Here's Carl Ungerer toting the stats in Islamists must be prevented from brainwashing kids:

According to Karl von Clausewitz's dictum, "the aim of any war has to be a situation better than when hostilities began". After nearly a decade of the global war on terror, how do we know if the situation has improved?

One measure may be the cadence of terrorist attacks. So far this year, more than 7500 people have been killed in more than 5000 incidents across four continents. That is a significant improvement on last year, when more than 15,000 people were killed in more than 11,000 terrorist attacks. Despite a clear desire to do so, Osama bin Laden and his central al-Qa'ida leadership have been unable to replicate the mass-casualty atrocities of the 2001 airlines plot against the US, nor can they get their hands on a nuclear weapon. Can we therefore say that terrorism is a declining security threat and the situation is better than when hostilities began?

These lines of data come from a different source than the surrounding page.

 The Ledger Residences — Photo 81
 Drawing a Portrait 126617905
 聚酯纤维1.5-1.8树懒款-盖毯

Golly, 7,500 in 2009, plays 1.2 million in 2004.

And you know I bet the motor car and associated vehicles have held up their end in subsequent years in the killing fields.

Should we now embark on a global war on the motor car? After all, the global war on Osama bin Laden and al-Qa'ida worked out terribly well.

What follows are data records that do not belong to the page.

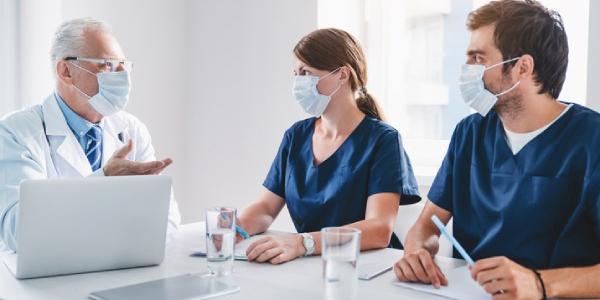 Médicos jubilados podrían reincorporarse la sistema de salud para dar apoyo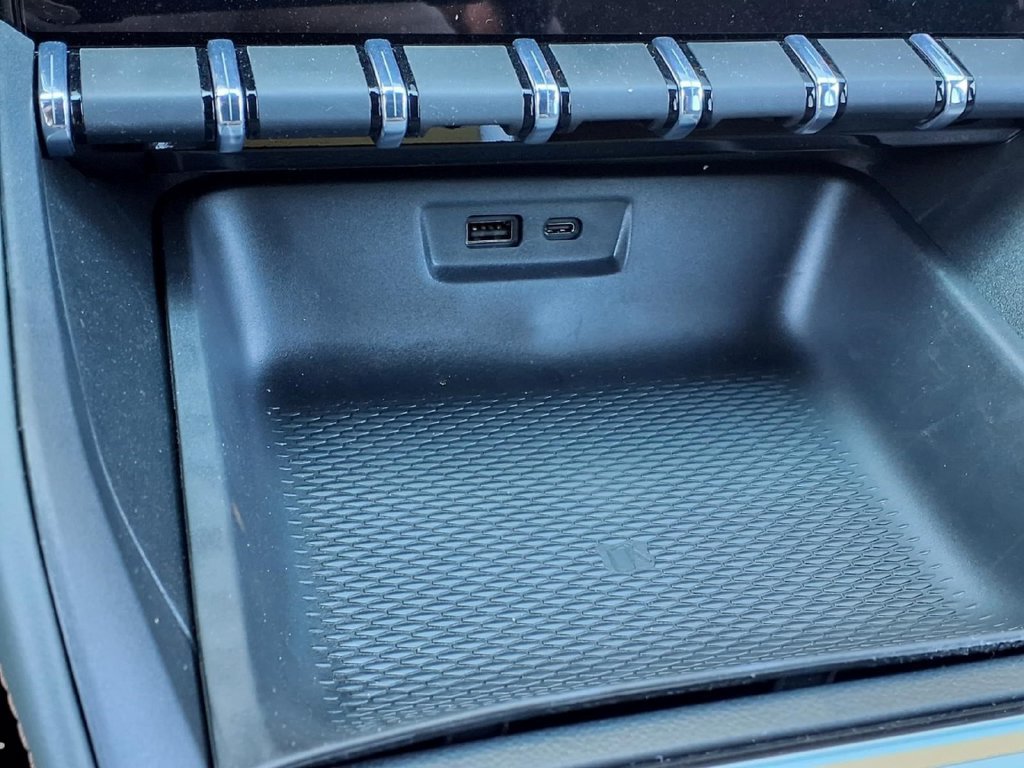 New 2027 GMC Terrain AT4 w/ Convenience Package III AWD/4WD image 13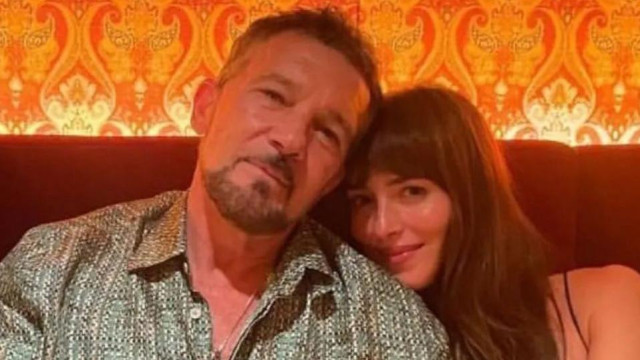 Dakota Johnson visita o ‘pai’ Antonio Banderas na Espanha; veja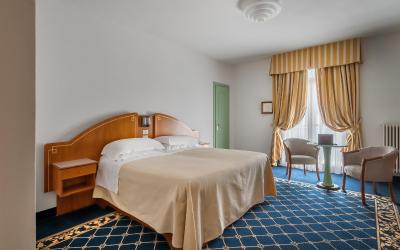 Camera Familiare con Balcone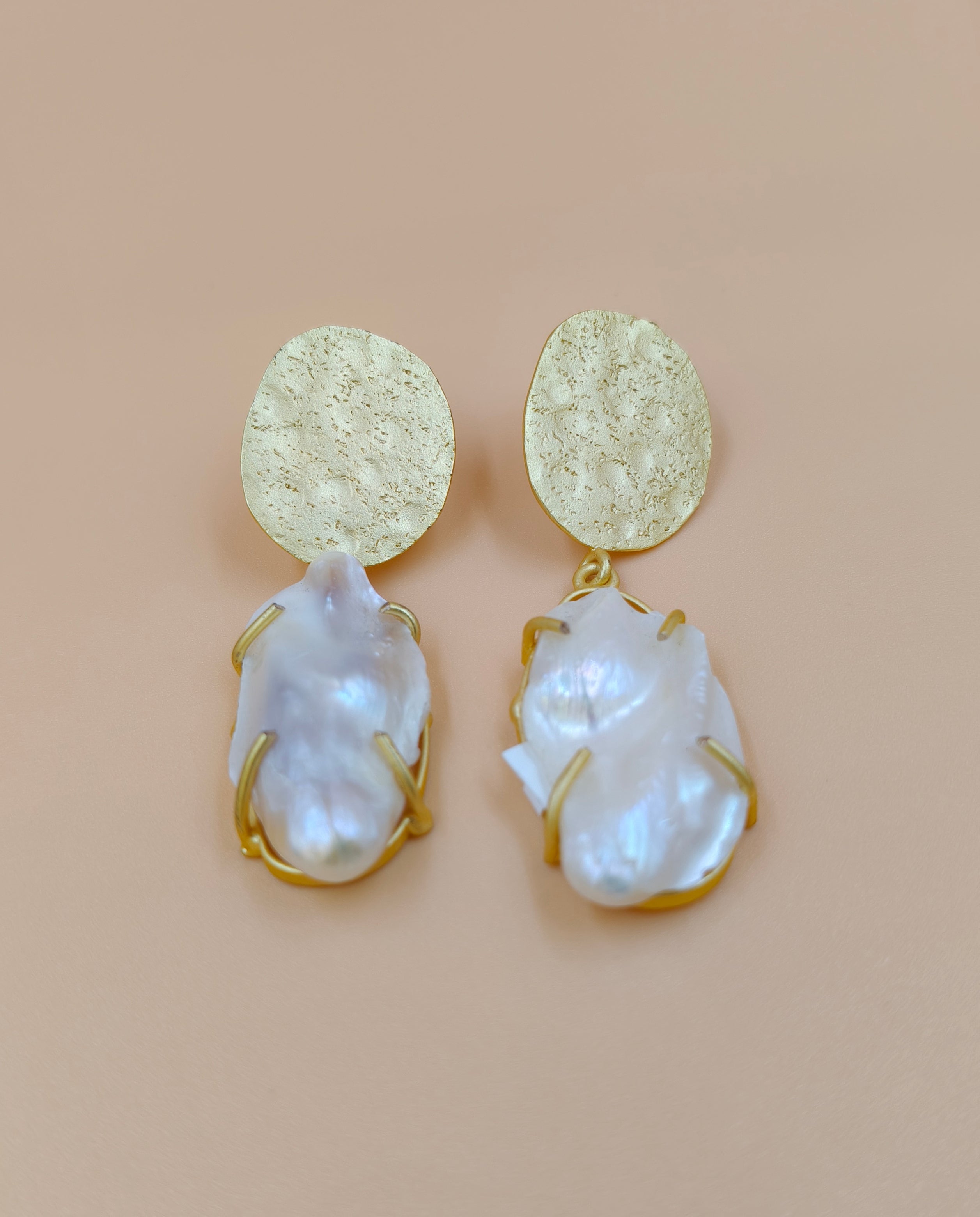 Lustrous Nature Earrings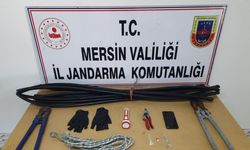 Mersin’de kablo hırsızlığı yaparken yakalanan 2 kişi tutuklandı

Or should we just quieten down the rhetoric about the decade of global war on terror, a rhetoric which was supposed to have disappeared along with George Bush and his minions?

Because deep down I'm comfortable with treating terrorists as criminals deserving of the full force of the law. Shoot an abortion providing doctor, send the villain down for life; blow up a government building in Oklahoma, get done over American style; carry on in the name of Allah blowing up whomever or whatever, throw the book at them. Plot and scheme to do the same, but fail or get stopped in the attempt ... well we all know that adultery is in the heart of anyone who looks at a woman with lust, and so it is with those who plot and scheme to kill in the name of some stupid theology or ideology, so send them down as well.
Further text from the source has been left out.